Start of MATERIAL PROVIDED

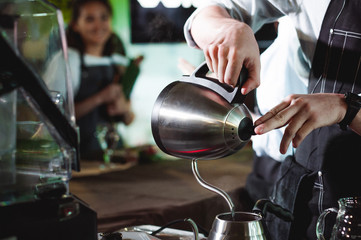 championship among coffee houses, members of teams show barista's skill, prepare drinks, teamwork....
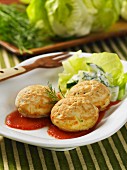 Vegetables cakes with courgette and dill on tomato sauce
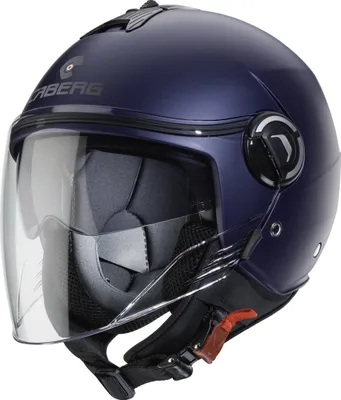 A blue matte Caberg Riviera V4 X Jethelm is shown from a three-quarter front angle against a white background.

End of MATERIAL PROVIDED

▶ [TASK TO CARRY OUT] Skip the images and write out the rest of the listing exactly.

▶ [TASK OUTPUT]
 championship among coffee houses, members of teams show barista's skill, prepare drinks, teamwork....
 Vegetables cakes with courgette and dill on tomato sauce
 A blue matte Caberg Riviera V4 X Jethelm is shown from a three-quarter front angle against a white background.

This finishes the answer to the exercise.